Houses of the Blooded was touted as an answer to D&D. I think really it was a call for everything in a game world to have the kind of polish embellished love that combat is afforded. I loved that message, and the clean mechanics that went along with it. The thing that rankled me a bit was the competitive player against player environment. This fulfilled that awesome setting to a tee, but was something that I don't think every group enjoys and I certainly didn't see fitting with my group. Kudos to the author for being daring, but I needed something that could really see some table time. Blood and Honor answers this problem by giving the players the same general goal. But there is still enough dissension among the ranks allowed to really give people some room to role-play, while still retaining some of the really neat ideas from Houses of the Blooded.
The core mechanic involves looking up which of a set of attributes applies best to tell you how many dice you roll. Beauty, Cunning, Courage, Prowess, Strength, and Wisdom cover the gamut. Even at this level, you can tell this game values physical equally with social and emotional ability (compare the 1:2 to D&D's 1:1 ratio). The ability number is modified by any applicable gear, aspects of your character that apply, and if your occupation is applicable. You roll all your dice and try to beat a flat, unchanging difficulty of 10 with the total of all your dice.
But wait, you say, if you roll more than 4 dice you'll almost never fail! Yep. Well almost. See you're not rolling to see if you succeed, you're rolling to see if you get say whether you succeed. The game calls this privilege. If you do fail, the GM says whether you succeeded or failed. Seems kind of boring at first, except there is a wrinkle. If you set aside some dice for your pool, you get to not only give a yes/no, but for each die you say a short chunk of information (a wager) which is true about your success. The more dice out, the more you get to steer where your action leads, and vicariously steer the story itself. So that's the basics, a cool narrative heavy resolution system.

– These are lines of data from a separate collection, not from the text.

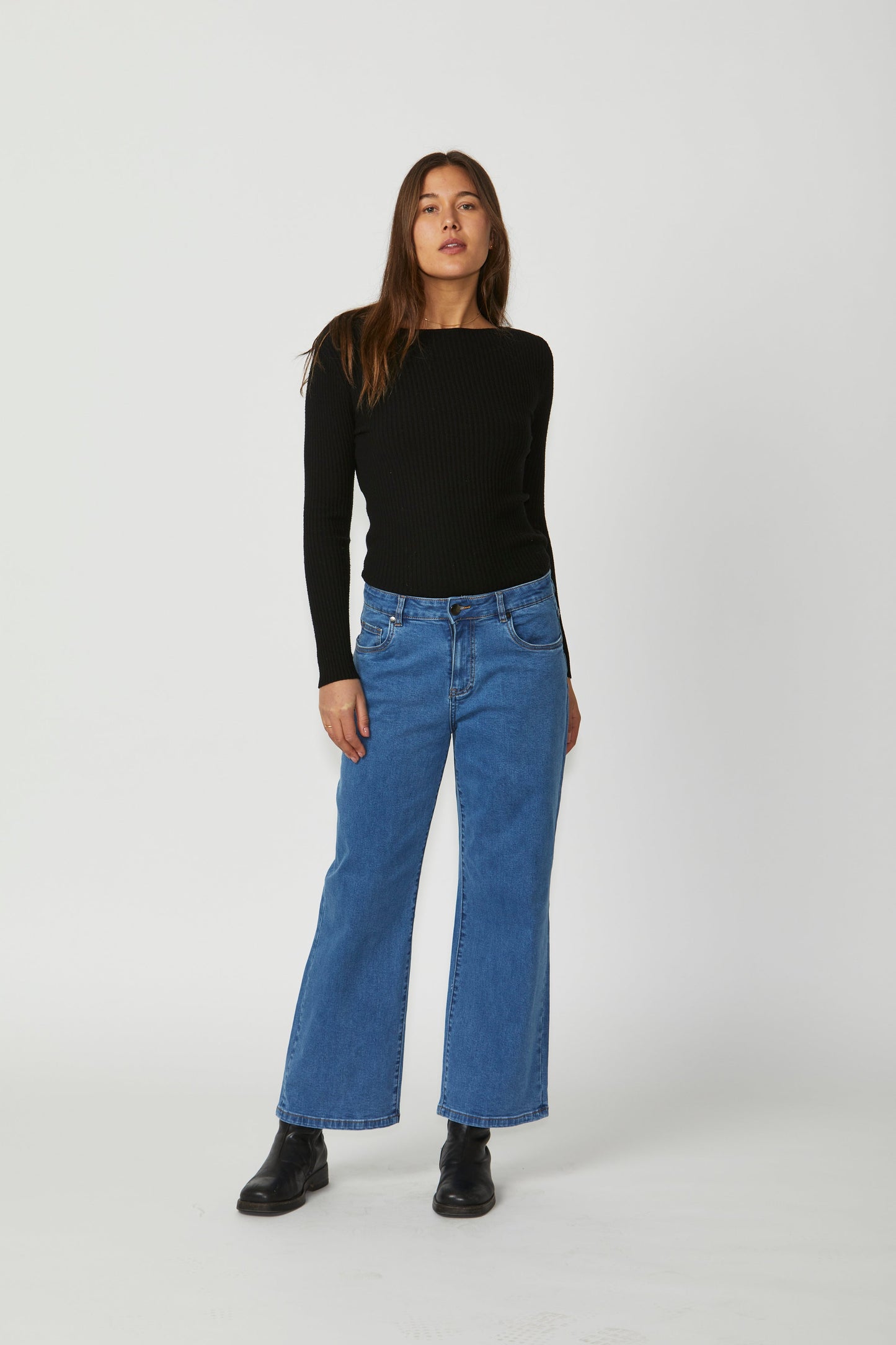 CRFEDE SLIM JEAN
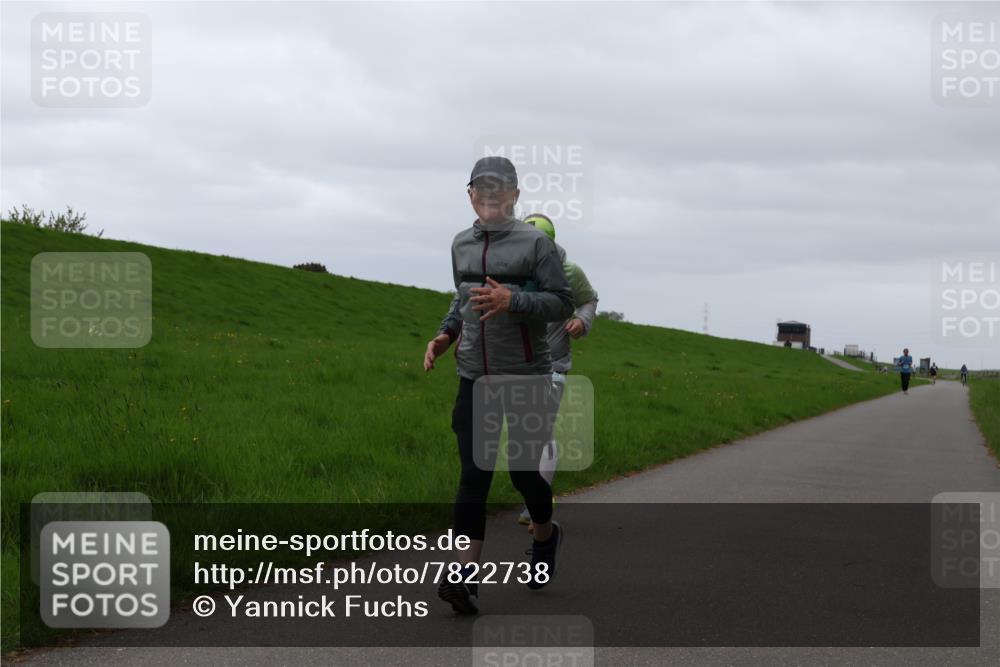 04.05.2025 - 8. Wedeler Halbmarathon Yannick Fuchs http://msf.ph/oto/7822738 04.05.2025 12:14:37 Laufen  meine-sportfotos.de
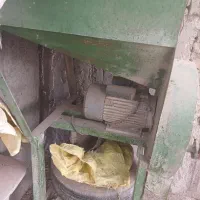 دو دستگاه یونجه خردکن واسیاب تک فاز|ماشین‌آلات صنعتی|ماهدشت, |دیوار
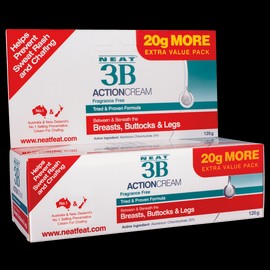 Neat 3B Action Cream 120g
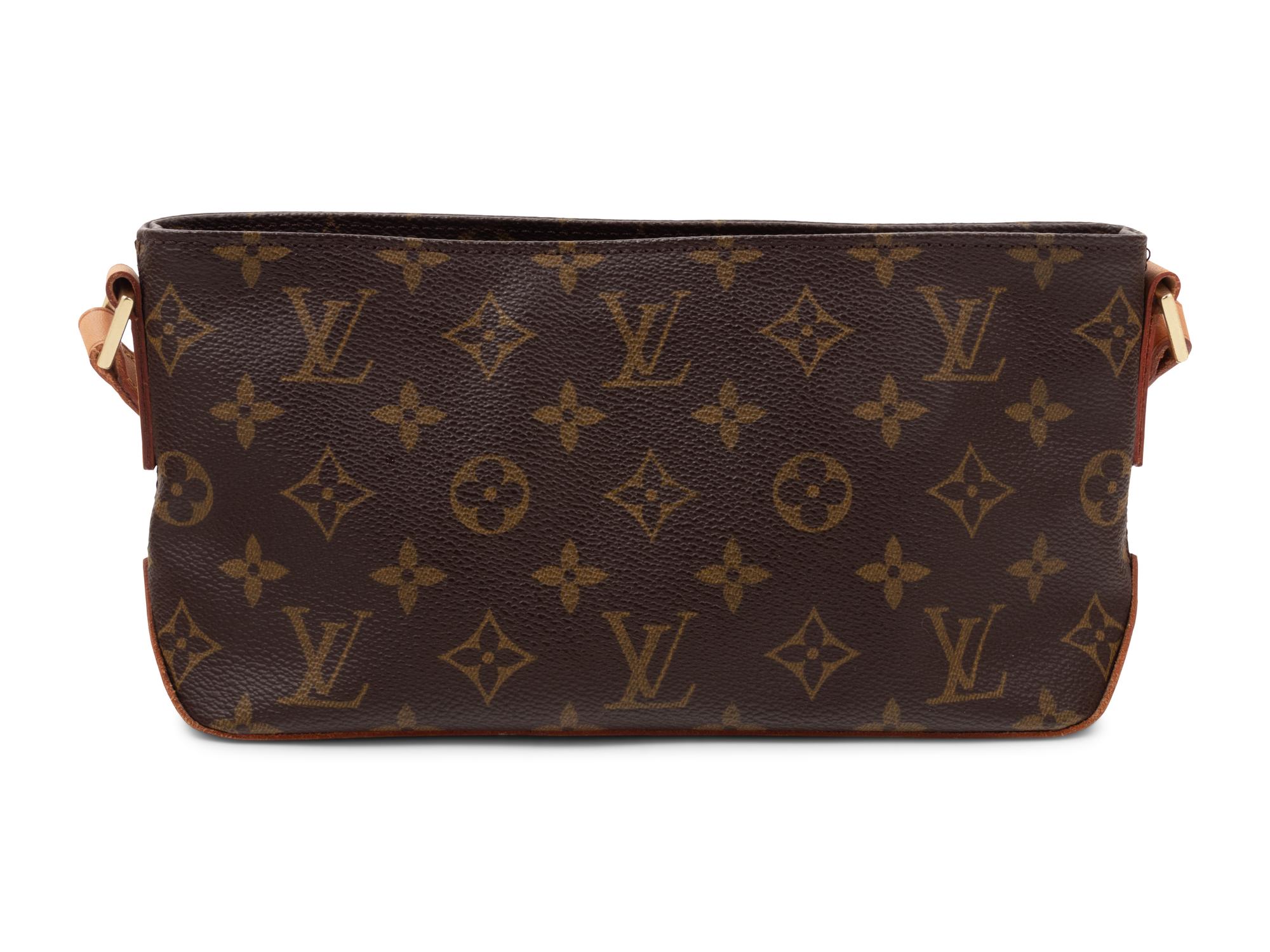 Louis Vuitton Monogram Cross Body Bag, 2001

Now on to the depth. Really what the game is about is mimicking the tragic dynamics of Samurai literature. Moving out from the core mechanic, everything is in service of this goal. Before you even make your characters, you collectively make a clan, which determines both the situation of the PCs and the characteristics and drives that make them cohesive. This means that ultimately the clan is the important unit. This is stamped in even stronger with the detailed and enjoyable system used to populate the province that the clan lives in. The PCs themselves are the trusted advisers of a daimyo, a lord in feudal Japan, and fulfilling their job translates into a mechanical advantage. By fulfilling their Duty, they are strong. There is also a bonus when you help others in your group. Now working together is the key. But all that goody goody stuff means no drama, so you also pick an aspect which distinguishes you and may lead to your eventual downfall. Add on top of this a fate-point style system (Honor) which you can gain only by behaving in a manner which is consistent with a code of behavior. The sum total of this is that the deck is stacked for a particular type of play, one rife with drama, sword-fights, and Pyrrhic wars amongst clans.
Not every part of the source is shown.